What If Humans Built A Planet? Humanity’s search for earth-like other worlds
seems to know no bounds. We’re now able to photograph the farthest
places in our own solar system, but also to locate other, far more distant planets with
the potential to support life… all in the apparent hope that one day we could live somewhere
else in the universe. But might there yet be another answer to our
seeming need for a second home? This is Unveiled and today we’re answering
the extraordinary question; What if humans built a brand-new planet? Are you a fiend for facts? Are you constantly curious? Then why not subscribe to Unveiled for more
clips like this one? And ring the bell for more fascinating content! To build a planet, we have to know what constitutes
a planet first of all. According to the International Astronomical
Union, there are three criteria that a celestial body has to meet to be one… It has to orbit a star; be big enough to have
sufficient gravity to force it into a spherical shape; and also be big enough to clear away
any other similarly sized objects in its orbit – with that last point being primarily what
led to Pluto’s demotion to a dwarf planet, in 2006. So, based on these entry-level qualifications,
could we ever truly create our own world? Before we even attempted to do so, we’d
first need to have mastered our own planet; to have become a Kardashev Type I society.

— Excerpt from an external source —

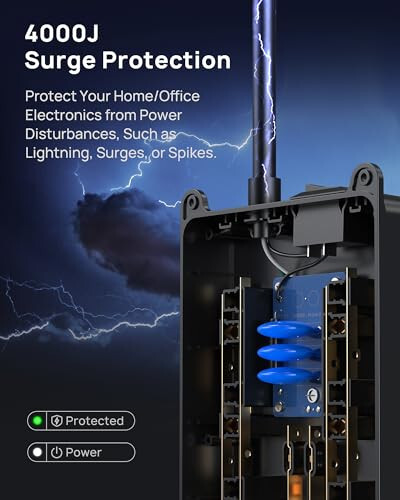 TROND Surge Protector Power Strip, 4000J, ETL Listed, 13 Widely-Spaced Outlets Expansion with 4 USB Ports(1 USB C), Low-Profile Flat Plug, Wall Mountable, 5ft Extension Cord, 14AWG Heavy Duty, Black - 3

At that stage we’d know everything there
was to know about the way that Earth worked – being able to predict the weather, control
natural disasters, and harness every single speck of energy available to us. And then we could use that knowledge going
forwards. In this particular alternate reality, Earth
stands as a kind of planetary blueprint; a “completed” project to inspire something
else – with that “something else” being a new planet altogether. Seeing as a Type I civilization on its way
to Type II will have also made greater progress in terms of exploring the rest of the solar
system, we’d by then have know-how gained on other existing planets to draw upon, as
well. And, thinking optimistically, we’re already
beginning to take our first steps toward achieving this. Projects like the Artemis Program (a majority-NASA
initiative to get us back to the moon) as well as various plans for a crewed mission
to Mars could well change our scientific and technological perspectives forever. Should we succeed in reaching somewhere like
the Red Planet, we could be well-practiced in how to build sustainable colonies on alien
landscapes in just a few decades. For the most part, though, our ambitions for
visiting other planets amount to terraforming them – that is, making them as Earth-like
as possible. But, were we to just go ahead and build something
new from scratch, then there’d be no need to terraform because we’d create exactly
what we wanted from the outset – with the ideal size, temperature, atmosphere and layout. It really could be “the perfect place”…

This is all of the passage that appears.